In the year 1514 the gipsies landed in Scotland from the Continent, and from that date to the present time we have had in our midst over 30,000 men, women, and children with increasing numbers, going to and from our villages, towns, lanes, and fairs, and mixing with the simple, wise, gay, and foolish, leading the lives of vagabonds, demoralizing all they have been brought in contact with, by their lying, plundering, dirty, filthy, cheating, and crafty habits. In one word, the gipsies have been, and still are, a disgrace to Christian civilization. Of course there are exceptions among them, and I wish from the bottom of my heart that there were more.
They live huddled together regardless of either sex, age, or decency, under hedges, in tents, barns, or on the roadside, with but little regard for marriage ceremonies.
Their food, in many instances, is little better than garbage and refuse, and the most riff-raff of them bed themselves upon rotten straw.
We have also, at this late day, with sunny education gleaming on every hand, over 30,000 poor gipsy children of school age growing up as vagabonds, and not two per cent. of the whole able to read or write a sentence.

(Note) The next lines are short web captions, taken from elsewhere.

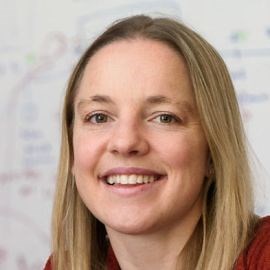 Alia Crum | Speaking Fee | Booking Agent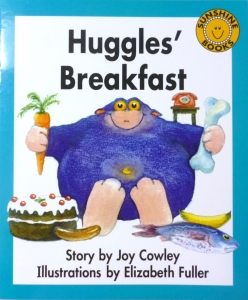 Huggles' Breakfast
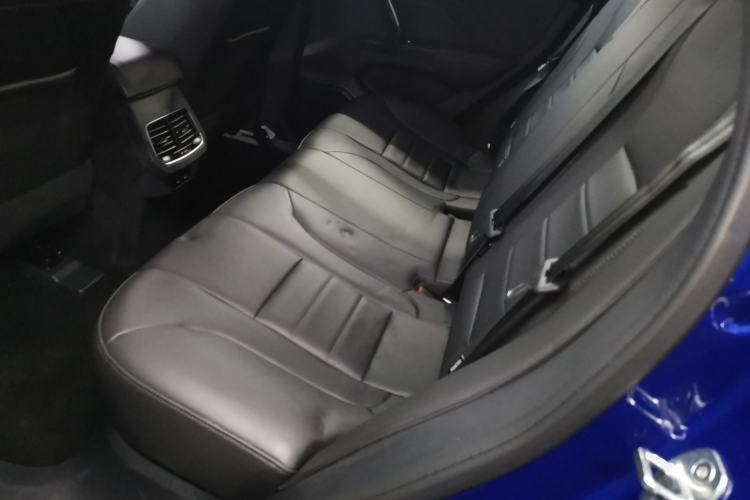 Used Haval F5 2020 1.5T DCT Type I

If our present-day gipsies had been of the romantic type of some two or three centuries ago, as pictured to us so beautifully by fascinating novelists, we might have wandered down the country green lanes, and by the side of rivulets, to admire their witchery, colours, and gipsy traits, exhibited with much refined skill, artistic touch, and feeling by gipsy writers; but the fact is, to state it plainly, the romantic gipsy of novels and romance has been dead long ago, and neither the stage, romance, nor imagination will ever bring him to life again in this country.
Our gipsies of to-day are neither more nor less than ignorant, idle tramps, scamps, and vagabonds. This I know full well, for I have found it out over and over again, not by hearsay, but by mixing and eating with them in their wretched abodes often during the last five years.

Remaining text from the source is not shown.